Supplied material Block Start

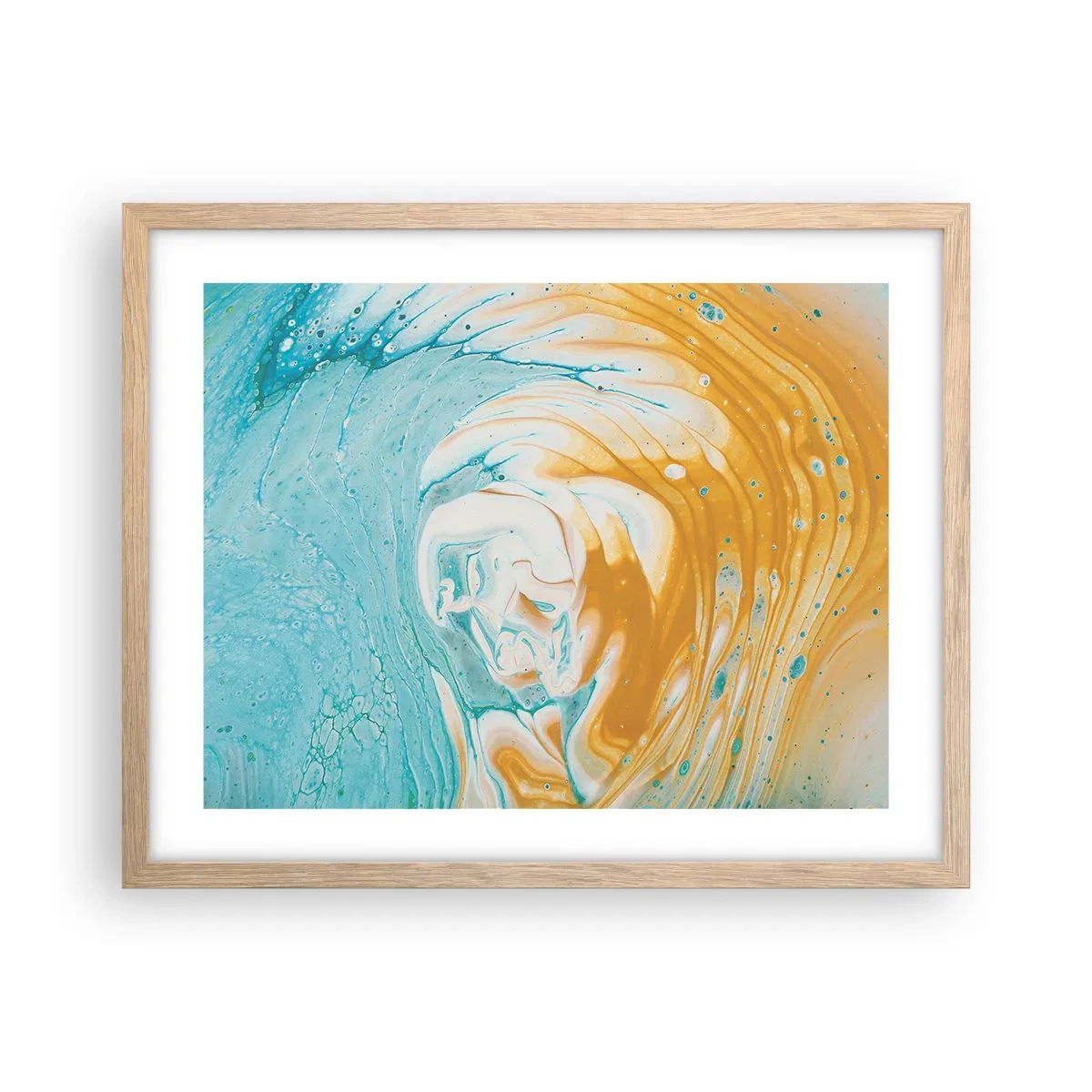Poster in cornice rovere chiaro - Vortice pastello - 50x40 cm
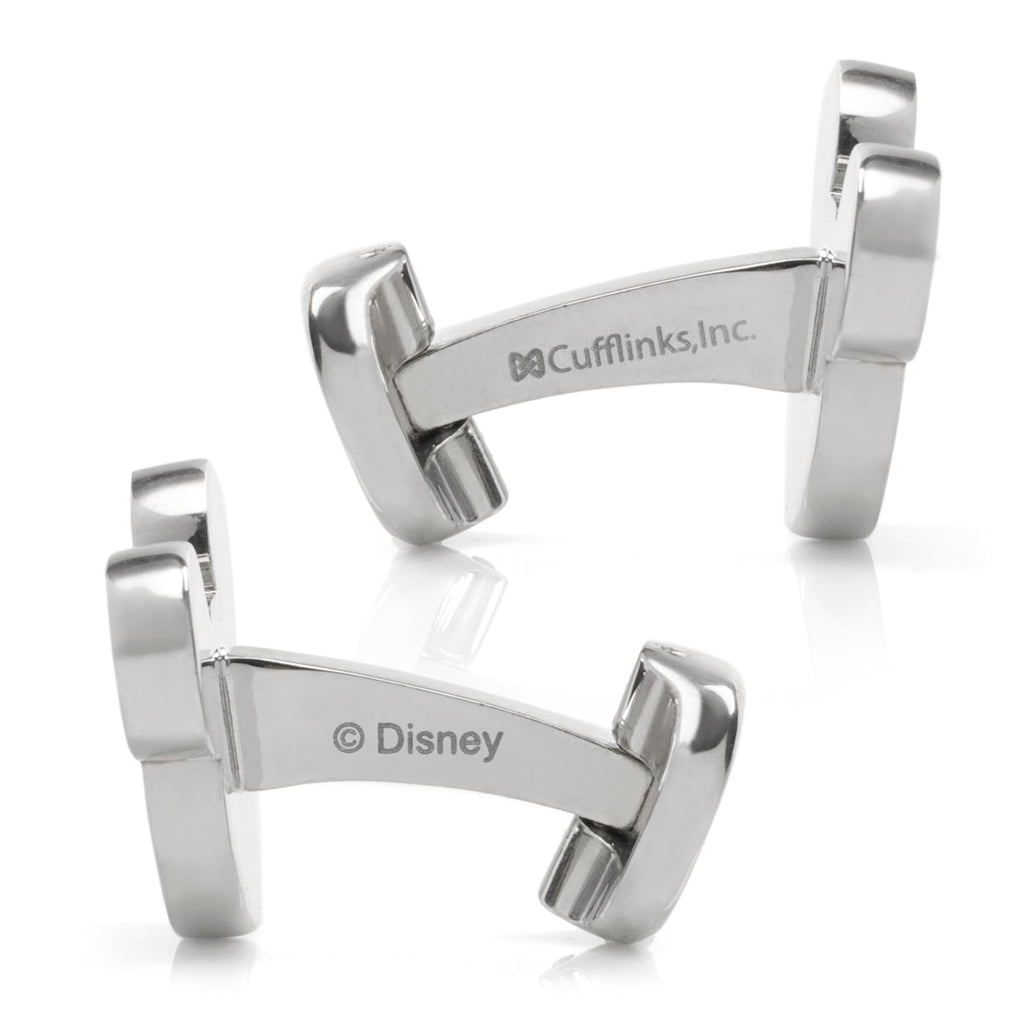 Disney Mickey Mouse Head Silhouette Basket Weave Silver Cufflinks - Image 4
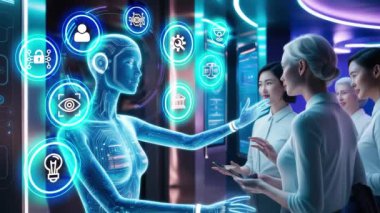 Yapay Zeka Yapay Zeka teknolojisi insan elinin üzerinde. Robot yapay zeka yenilikçi sohbet robotu. Komut oluşturulan yapay zeka, dijital dönüşüm ve gelecekteki teknoloji kavramı....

Supplied material Block End

* **What needs to be done**: Your task is to retype, exactly and only, the lines from the line holding "Disney Mickey Mouse" through the final line of the data above, with both ends kept. Drop the pictures.

* **Result of this task**:
 Disney Mickey Mouse Head Silhouette Basket Weave Silver Cufflinks - Image 4
 Yapay Zeka Yapay Zeka teknolojisi insan elinin üzerinde. Robot yapay zeka yenilikçi sohbet robotu. Komut oluşturulan yapay zeka, dijital dönüşüm ve gelecekteki teknoloji kavramı....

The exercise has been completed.